MHP İstanbul Milletvekili İsmail Faruk Aksu, FETÖ üyesi hainlerin, Türk milletine silah doğrulttuğunu, Türk tarihinde nadir görülecek bir ihanete imza attığını ifade etti. Aksu, buna kalkışan kim varsa ismi, unvanı ne olursa olsun hesap vermesi, bedelini ödemesi gerektiğini kaydetti.
Aksu, görevden almalarda itiraz mekanizmalarının sağlıklı şekilde işletilmesini, acilen kamuda uygulama birliğinin oluşturulmasını istedi.
Demokrasi üzerinde dolaşan kara bulutları kovmanın, antidemokratik eğilimlerin önünü kesmenin siyasetçilerin önde gelen sorumluluğu olduğunu belirten Aksu, bu günlerde birlik ve beraberliklerini daha da güçlendirmenin, bu sorumluluğun gereği, aynı zamanda tarihi bir zorunluluk olduğunu söyledi. Aksu, devletin ve milletin bekasının, her türlü siyasi gayenin üstünde olduğunu dile getirdi.

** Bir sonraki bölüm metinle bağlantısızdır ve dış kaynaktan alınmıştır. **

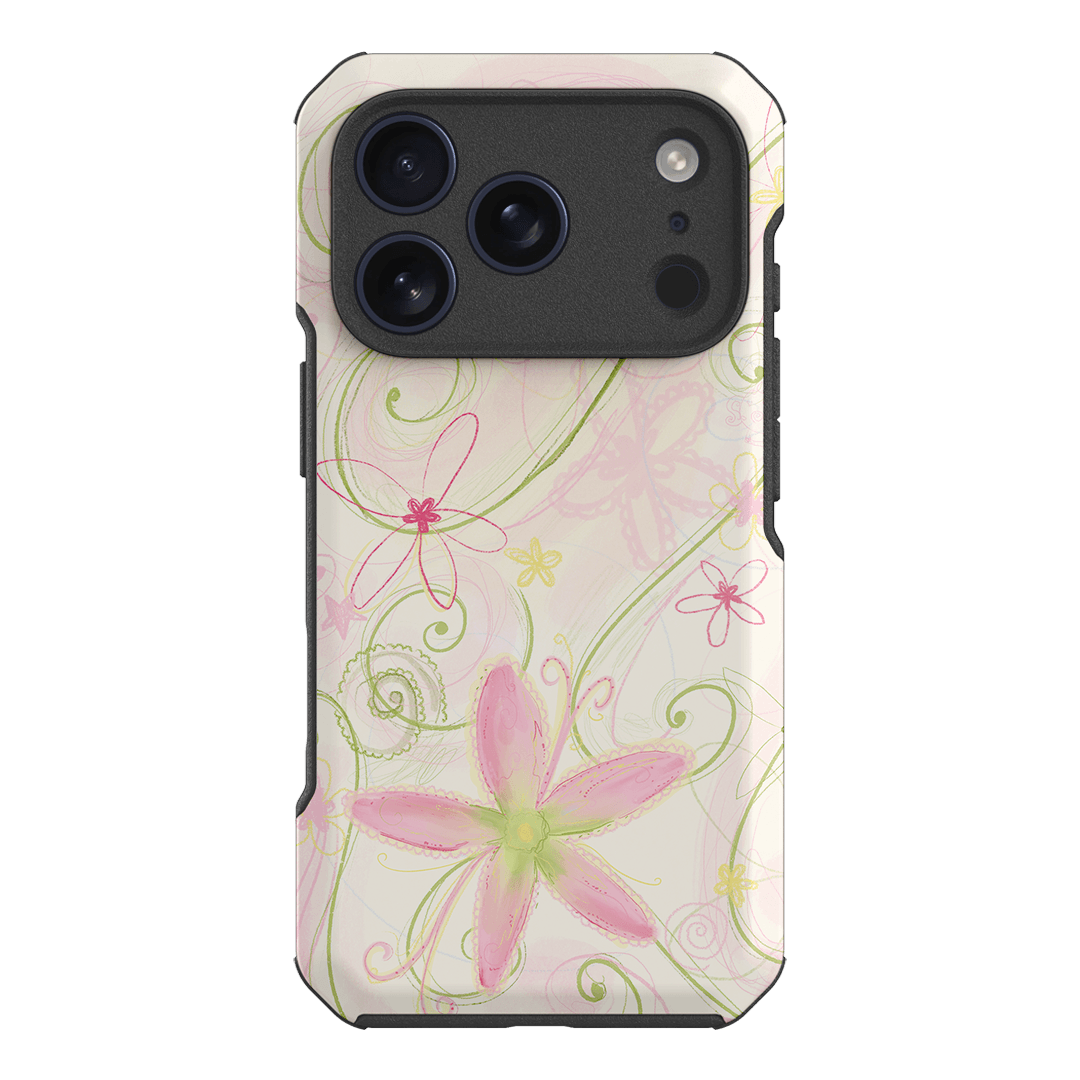 Swirl Pink Printed Phone Cases iPhone 17 Pro / Toughie by Kayla Carr - The Dairy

CHP Ankara Milletvekili Şenal Sarıhan, son darbe girişiminden çok korktuğunu, bunun çok hain bir darbe girişimi olduğunu söyledi.

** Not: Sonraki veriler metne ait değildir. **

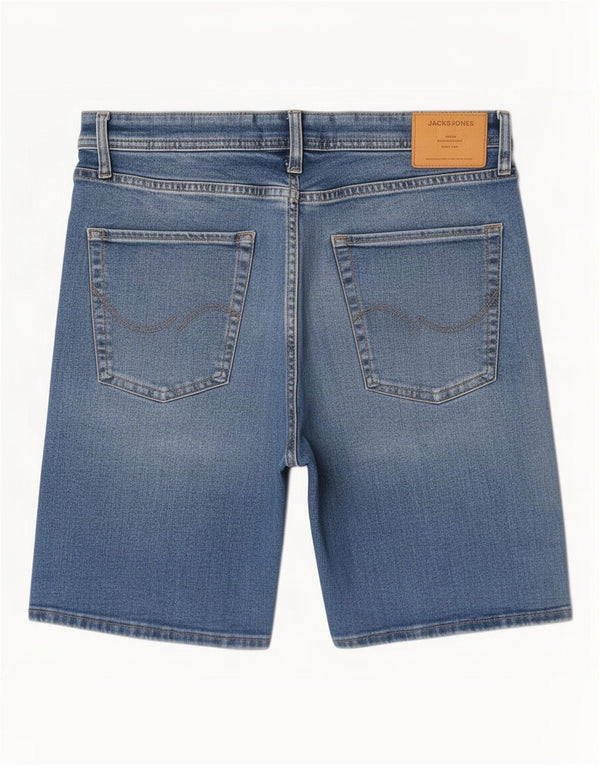 Мужские джинсовые шорты свободного кроя Jack & Jones Chris, большие размеры W36, синие, хлопок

Bunun, herkesin canına kast eden, en değerli kurumlara karşı bir darbe girişimi olduğunu dile getiren Sarıhan, halkın, Meclisin tepki verdiğini anımsattı.
Sarıhan, OHAL'in de bir hukuk rejimi, hukuki olay olduğunu, birçok ülkenin anayasasında da bulunduğunu ifade ederek, "Ancak yapılması gereken OHAL ilanı değil. OHAL ve sıkıyönetim ilanı bir hukuk rejimi ise o zaman onun hukukla sınırlı olması, hukuk içinde hareket edilmesi gerekir. Ancak elimizdeki kararnameler, hukuka uymayı değil adeta uymamamızı söylüyor. Fetullah sadece ülkemize değil bütün dünyaya mikrop yayıyor. Fakat Fetullah ile mücedele edelim derken başka haksızlıklara fırsat vermeyelim. Yaparsak zararımıza olur." görüşünü dile getirdi.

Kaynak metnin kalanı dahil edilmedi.